**PROBLEM STATEMENT**
The required output is the stretch from the line containing "Get it now 3D" through the line containing "Justin Bieber White" in the records below, unaltered and with no pictures.

===== EXTRACTED ENTRIES =====

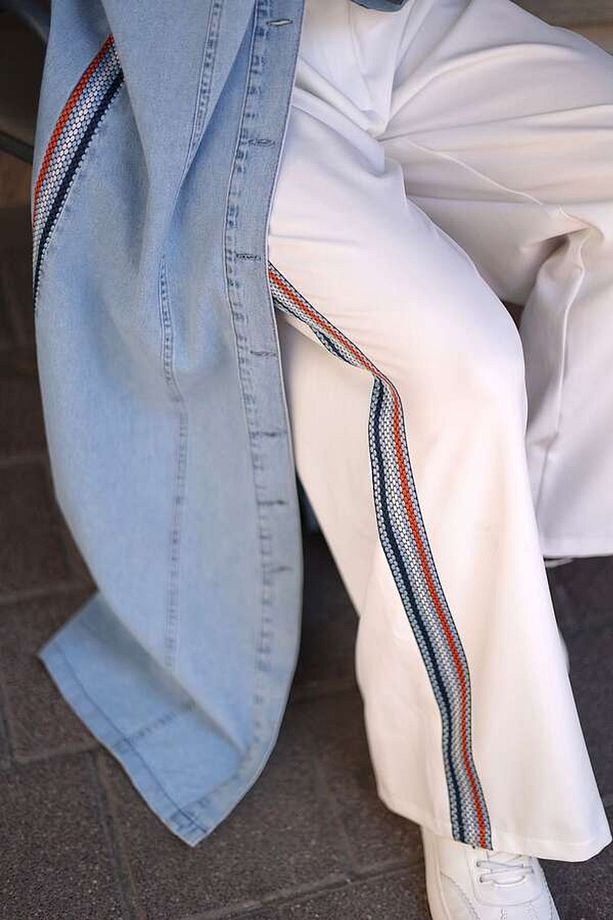 Kadın Denim Düğmeli Trenç Elbise-Mavi - 6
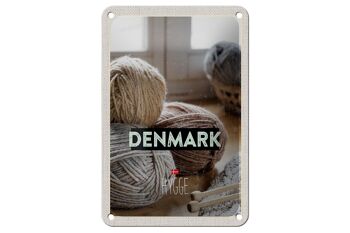 Signe en étain voyage 12x18cm Danemark laine blanc gris crochet signe doux 1
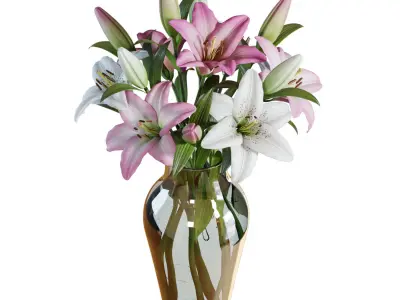 Flower Set 15 - Pink and White Lilies Bouquet 3D model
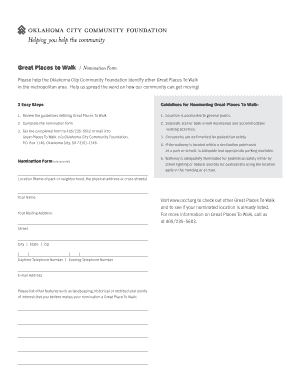 Great Places to Walk Nomination Form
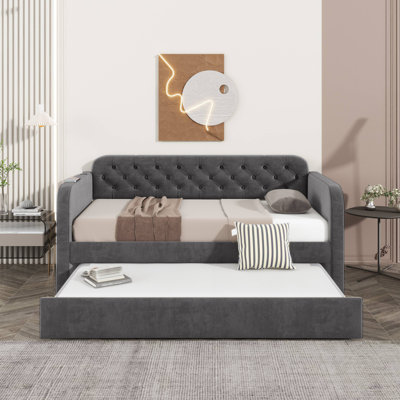 Lit de jour rembourré avec lit gigogne et conception de chargement USB, cadre de lit de jour rembourré en velours, canapé-lit pour la chambre à coucher du salon, aucun sommier nécessaire, tissu de velours moelleux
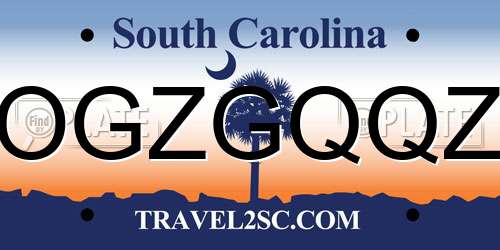 OGZGQQZ South Carolina License Plate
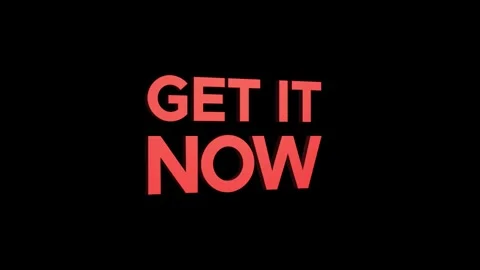 Get it now 3D text looped animation word on super discount offer Video stock 313665237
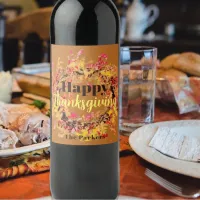 Happy Thanksgiving Watercolor Fall Leaves Wreath Wine Label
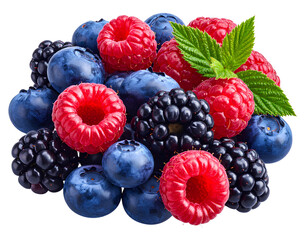 Wild Berries Mix with Raspberry Blueberry Blackberry Transparent Background 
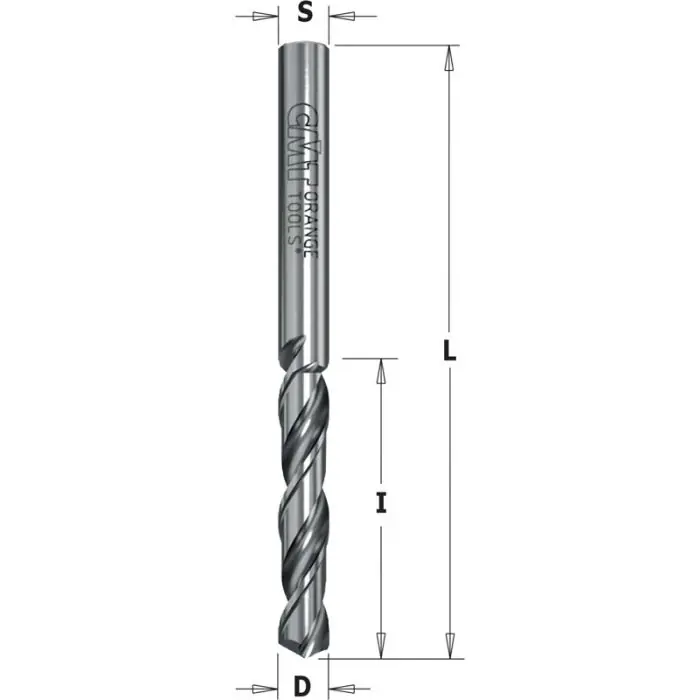 Zolang de voorraad strekt | CMT - Spiraalboor - V-punt 120° geslepen, links - D=4,5mm - I=28mm LT=60mm - S=4,5 Z2 - LH (linksdraaiend) HWM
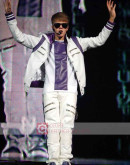 Justin Bieber White Leather Costume Jacket And Pant   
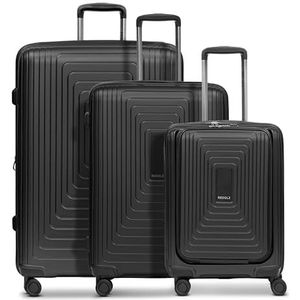 REDOLZ Essentials 14 Harde koffers Set 3 Stuks | S 55 cm laptopvak + M 66 cm + L 77 cm | Uitbreidbare expansieplooi | ultralicht | 4-Rolls & TSA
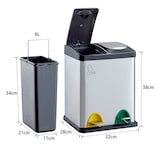 thumbnail of SVITA TC2X8 16 Liter Abfalleimer Mülleimer Mülltrennung Edelstahl 2x8L Silber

=====

**PROBLEM SOLUTION**
 Get it now 3D text looped animation word on super discount offer Video stock 313665237
 Happy Thanksgiving Watercolor Fall Leaves Wreath Wine Label
 Wild Berries Mix with Raspberry Blueberry Blackberry Transparent Background 
 Zolang de voorraad strekt | CMT - Spiraalboor - V-punt 120° geslepen, links - D=4,5mm - I=28mm LT=60mm - S=4,5 Z2 - LH (linksdraaiend) HWM
 Justin Bieber White Leather Costume Jacket And Pant   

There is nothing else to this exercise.